Closed mishushakov closed 1 year ago
Yes, it's doing the same preprocessing that it does before training. Each predicted sample is determined by the previous input_size number of samples. So for a model with input size 100, and a wav file of 44100 samples (1 second) it creates an array of size (44100, 100, ) but 99% of all those samples are redundant, so there's definitely a better way of handling that. I started a custom dataLoader class which takes a small batch of data, preprocesses/trains it, then frees up the memory for the next batch. I'm having trouble with it training properly though, so I'll share that in case someone wants to try to fix it. The split_data param is basically a work around because I couldn't get that class working yet.
Hey there & happy holidays! thanks for the explanation
maybe using the tensorflow audio preparation module would resolve the problem? https://www.tensorflow.org/io/tutorials/audio
Happy Holidays! That does look helpful, I can probably use something in there. I don't see anything in particular that solves this data preparation problem though, I think the solution is still getting the custom data loader to work. In the meantime, the split data param will allow for training with limited RAM.
I've made some progress on a plugin for the LSTM models, I'm really excited for what can be done with that. Lots of good things coming for 2021!
thanks for sharing! i'd love to help out (where i can) after holidays
this particular part caught my attention:
The content of the audio clip will only be read as needed, either by converting AudioIOTensor to Tensor through to_tensor(), or though slicing. Slicing is especially useful when only a small portion of a large audio clip is needed
as far as i understand the data will be lazy loaded, however i wasn't entirely sure, if this is what we need
on the side note Google's tone transfer looks very promising: https://sites.research.google/tonetransfer/ i believe they use the technology to create voices for their Google Assistant
thanks and lets hope 2021 will be nothing like 2020!
Update: The colab notebook has been updated to fix the Out of Memory issue by using a Sequence class for loading the data one batch at a time.
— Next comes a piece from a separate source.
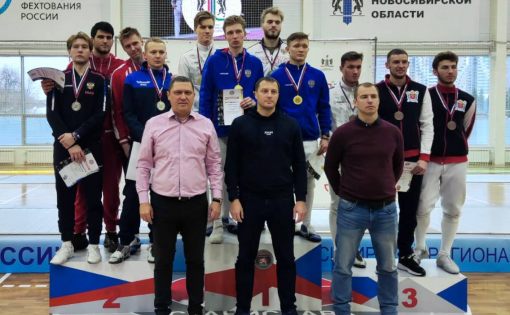 Артем Терехов - победитель Всероссийских спортивных соревнований по фехтованию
It also uses MSE for the loss calculation to alleviate issues with the error-to-signal with pre emphasis filter. Conducting more tests on choice of loss function before rolling out this change to the python scripts.
I have noticed that in order to properly finish training you'll need a lot of free memory in order to run the prediction if you try to save the tensor as file the resulting file is going to take up gigabytes
in my case (#3) you're basically getting 65mb of data for 242kb of audio (26346% increase)